In the past year, the center has served 1,673 Chambers County residents and had 344 bed days used by residents at the crisis residential unit. Dicky said over $186,000 was spent to provide services to residents at the Alsobrook Center in Chambers County. This amount was just for those without insurance, or “uncompensated care.”

The organization recently received funding to expand its services in the Chambers County School System, by hiring another counselor. 

Dicky said they hope to expand infrastructure in Chambers as well. Alsobrook, the clinic off Fairfax Bypass in Valley is the department’s smallest clinic. He also hopes to add a crisis and diversion center, which would allow law enforcement to take individuals dealing with mental illness to the facility rather than jail or a hospital. Dicky did not include these expenses in the proposed budget but asked the Commission to consider stockpiling some funding for large future projects.

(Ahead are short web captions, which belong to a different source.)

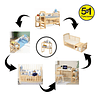Cuna Evolutiva Madera 5 En 1 - Preventa 16 de Marzo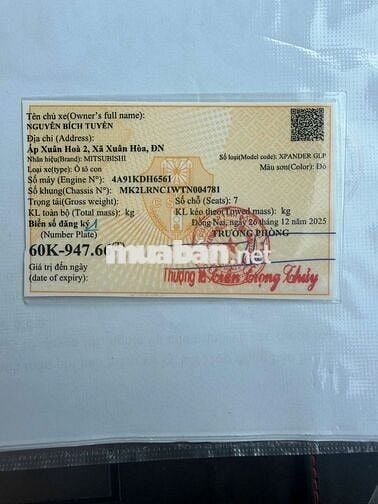 Mitsubishi Xpander GLP 2025 Đỏ 46820km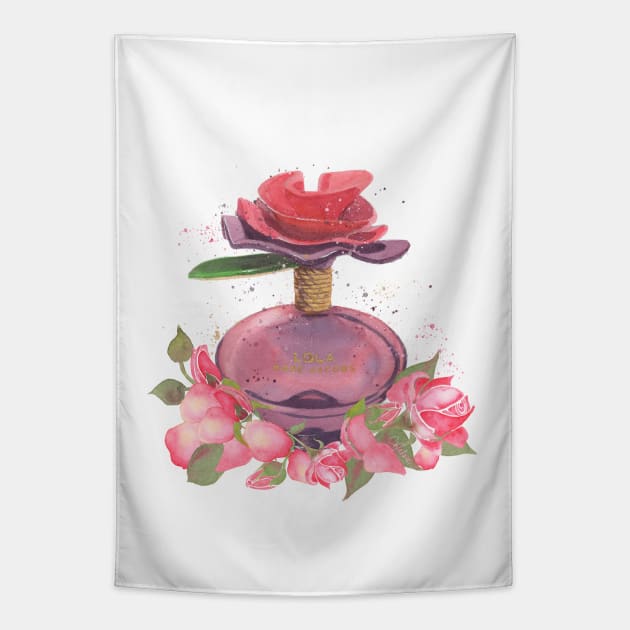 Perfume Bottle I Tapestry by wallaceart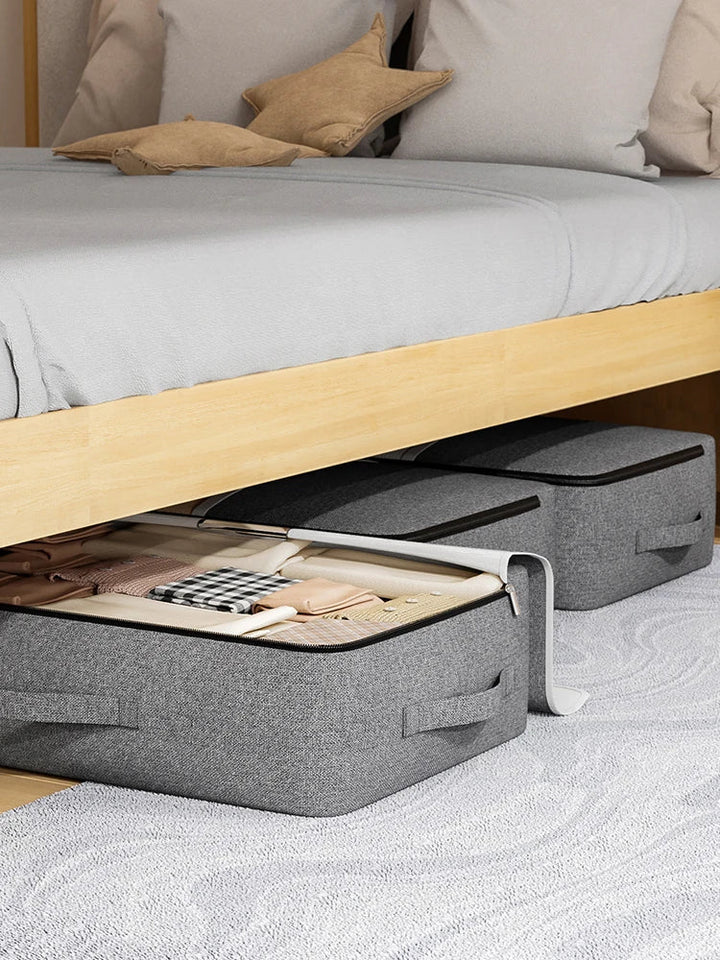 Smart and Spacious Storage Bag - UnderStore-Grey-M-The Livary
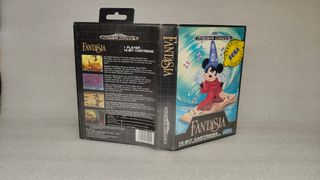 🇪🇸 Caja Sega Mega Drive + Carátula Fantasía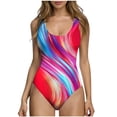 thumbnail image 1 of Stamzod One Piece Swimsuit Women Backless Print Bathing Suits Athletic Modest Swimwear 2026 Multicolor O M, 1 of 6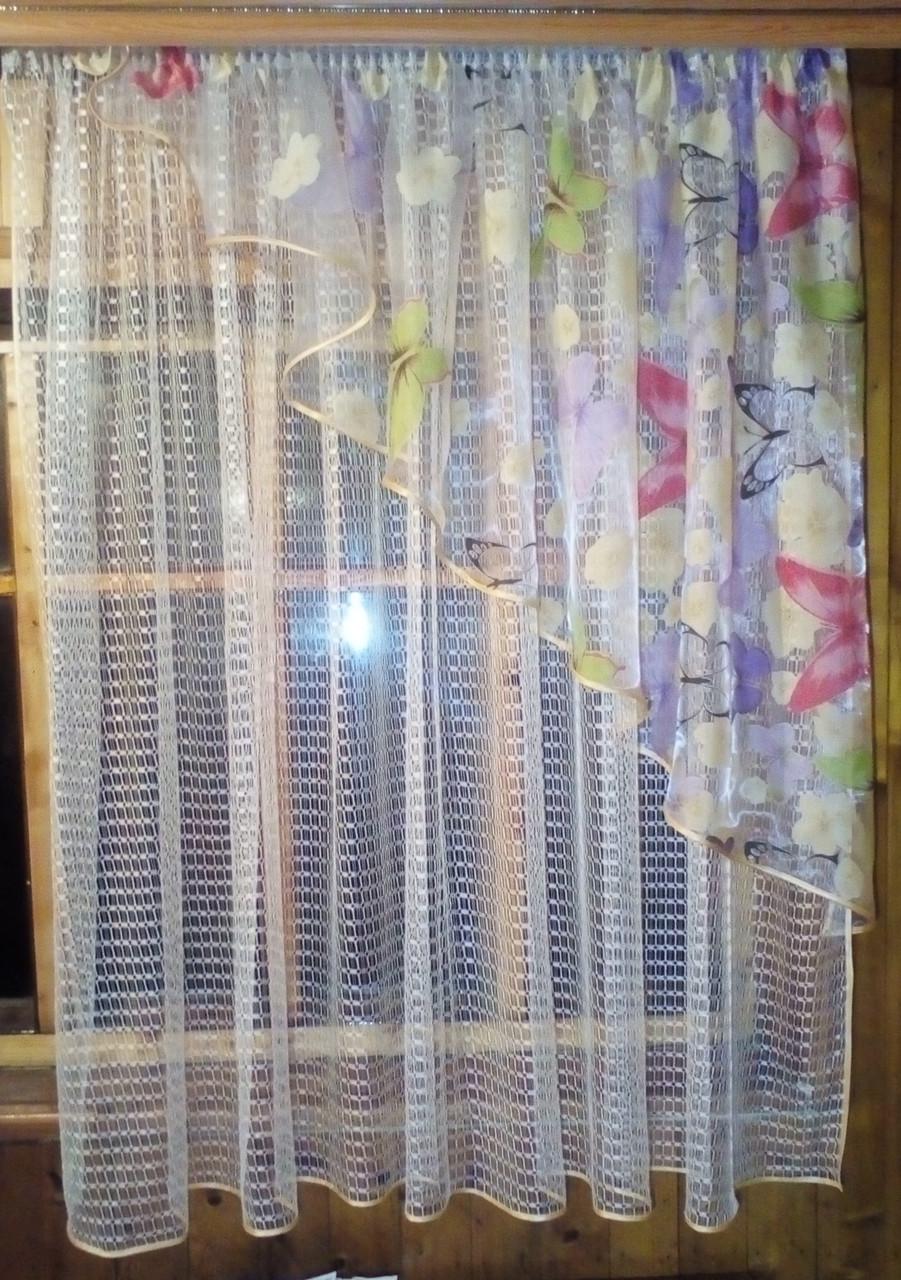 Штори Фаїна права Молочний/Метелик (1209702394) Штори Фаїна права Молочний/Метелик (1209702394)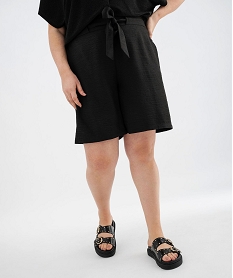 GEMO Bermuda ample et fluide femme grande taille noir standard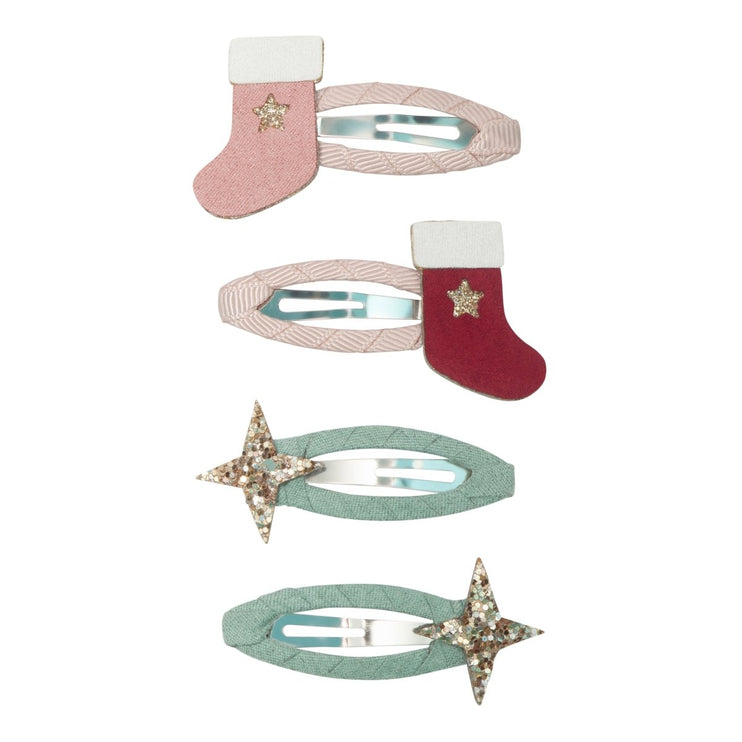 christmas stocking mini hair clic clacs accessories 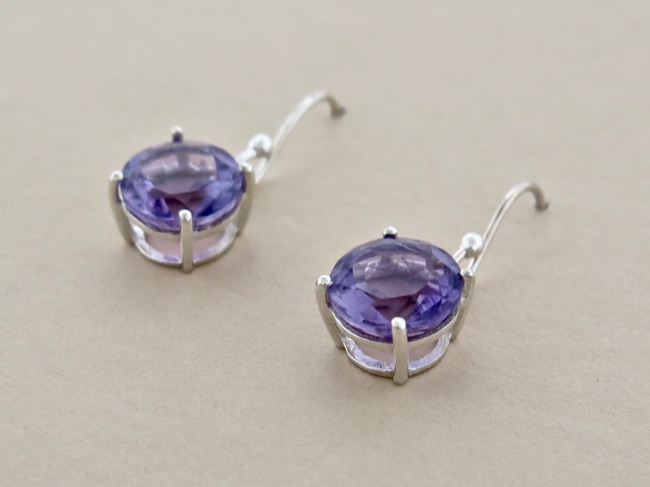 Amethyst Prong Set - Click Image to Close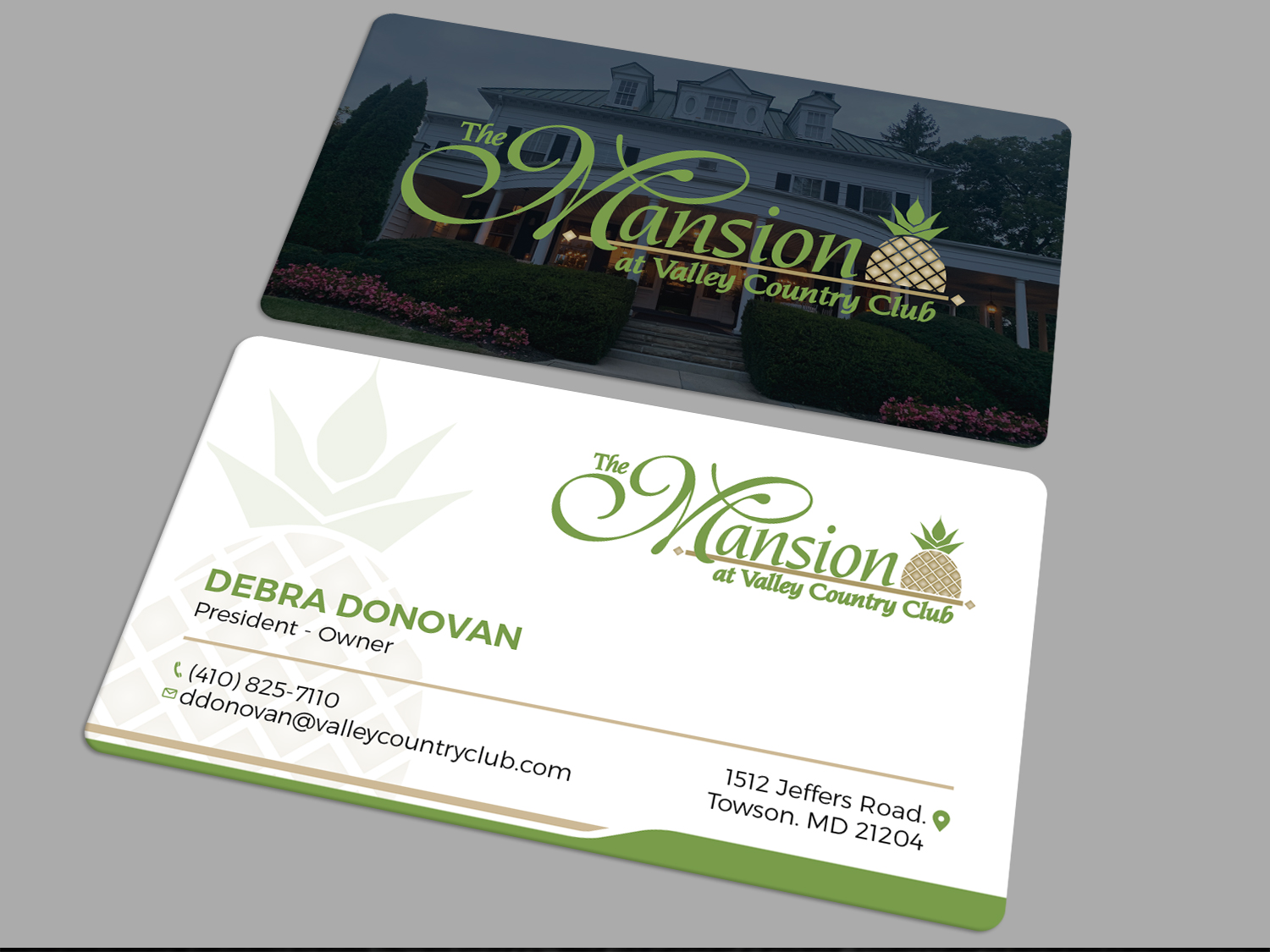 Business Card Design by Tripti Ranjan Gain for Valley Country Club | Design #28800933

Hollie Cost of Auburn University’s Rural Health Initiative requested $3,850 for internet services. Auburn University is still paying for the majority of the operating costs for the Chambers County Community Health and Wellness Center. However, the county and city of LaFayette will have to carry some of the cost moving forward. 

Auburn had secured the first two years of funding for staffing, internet, services and the OnMed Telehealth station. The FY24 funding will extend through September 30 of this year. Additional funding has been secured by Auburn through March of 2025. 

After March, Auburn is requesting the county and city of LaFayette to split the cost of internet and staffing. It is proposed that Auburn will assume 50 percent of the expenses, with the county and LaFayette paying 25 percent each. The cost of OnMed, which is the largest expense according to Cost, will continue to be covered by the University. There are currently two full-time employees at the center, who are under the Extension Office. The salary costs are still being calculated. 

Chambers County Emergency Management Agency asked for a $4,127 increase in funding, totaling $86,682. Yeager said the increase would be for the maintenance of emergency sirens. This requires the purchase of both new software and hardware. 

Yeager said they are hoping to move away from community sirens as the cost to add sirens and maintain them is high. She said buying a single siren costs $72,000. Instead, the Agency hopes to move towards providing personal weather radios for citizens. 

“Kathy [Hornsby] just got a grant for a little over 2000 radios to serve the deaf and blind community with strobes and bed shakers and also with the elderly,” Yeager said.

Commissioner Sam Bradford asked about employee turnover at EMA. Yeager said that on the EMA side, retention is good, and the 911 dispatch is starting to get better. She adds that since they increased the starting pay for dispatchers, they have been able to hire three new employees and keep them. However, the starting pay is still less than the pay in Troup and Lee County.